Excerpted records

• • • • •

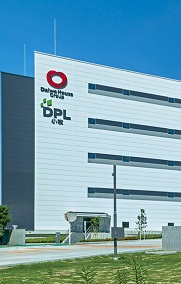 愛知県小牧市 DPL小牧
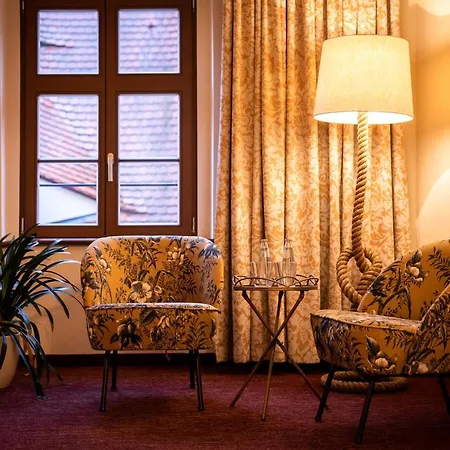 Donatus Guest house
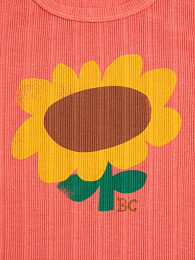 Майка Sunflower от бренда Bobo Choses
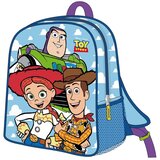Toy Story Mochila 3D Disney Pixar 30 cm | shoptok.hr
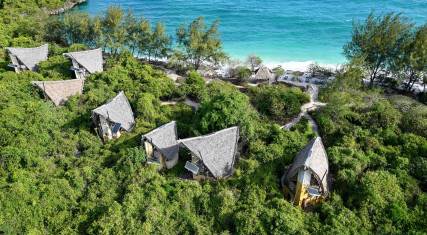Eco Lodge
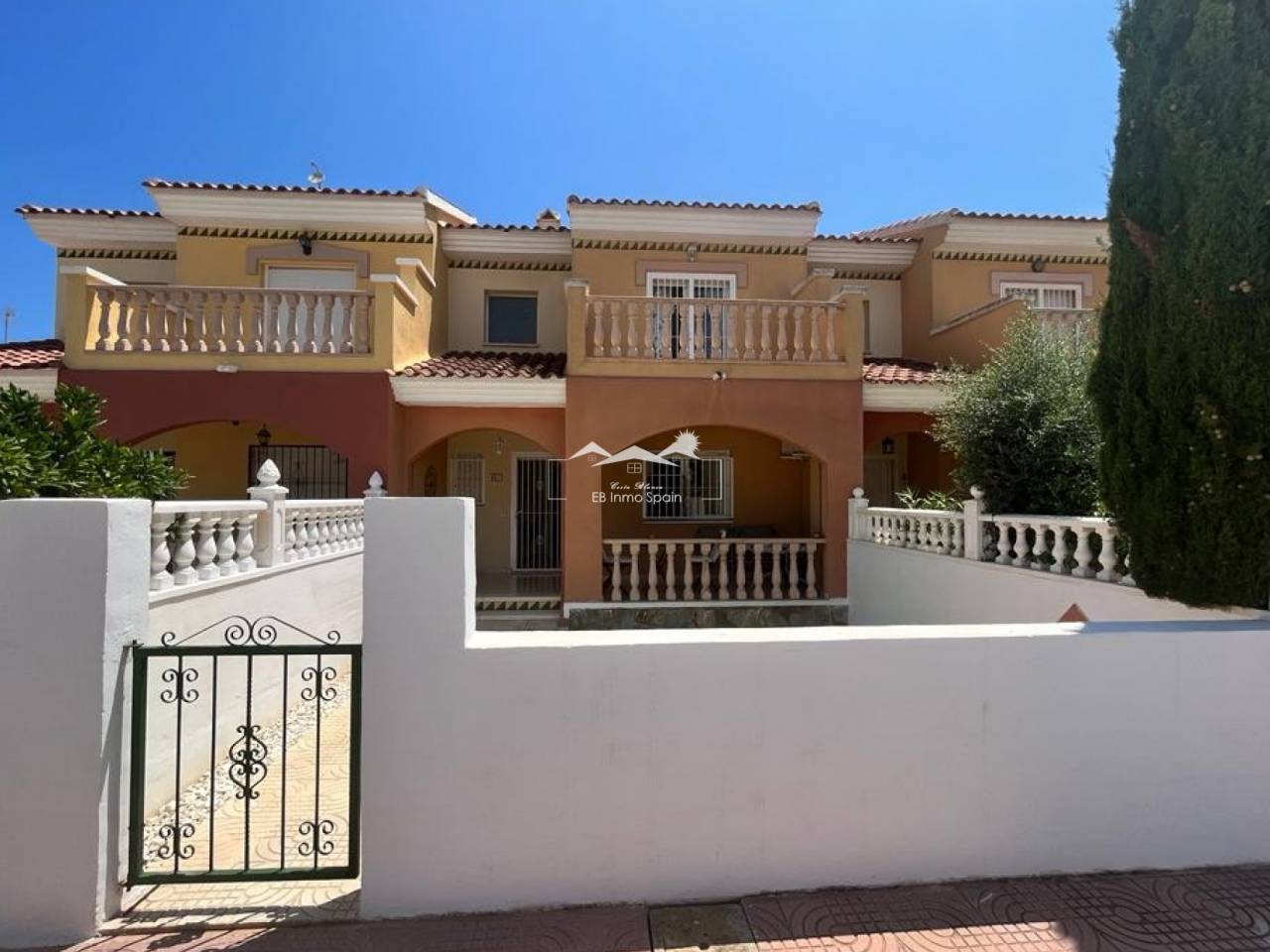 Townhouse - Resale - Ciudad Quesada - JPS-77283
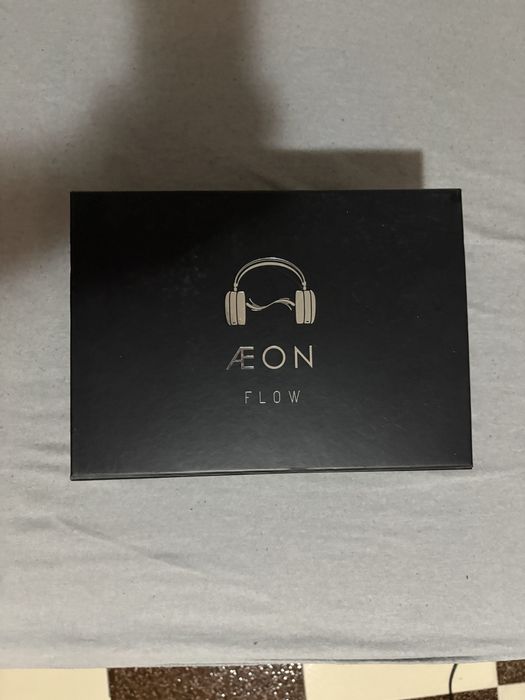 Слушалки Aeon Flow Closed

• • • • •

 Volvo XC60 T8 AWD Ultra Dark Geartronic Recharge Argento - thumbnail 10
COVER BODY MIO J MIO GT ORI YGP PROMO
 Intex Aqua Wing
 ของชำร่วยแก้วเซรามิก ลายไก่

• • • • •

Work order
Within the data above, repeat exactly the lines from the one bearing "愛知県小牧市 DPL小牧" through the one bearing "Слушалки Aeon Flow Closed". Include no pictures and nothing else.

Answer for this exercise
 愛知県小牧市 DPL小牧
 Donatus Guest house
 Майка Sunflower от бренда Bobo Choses
Toy Story Mochila 3D Disney Pixar 30 cm | shoptok.hr
Eco Lodge
 Townhouse - Resale - Ciudad Quesada - JPS-77283
 Слушалки Aeon Flow Closed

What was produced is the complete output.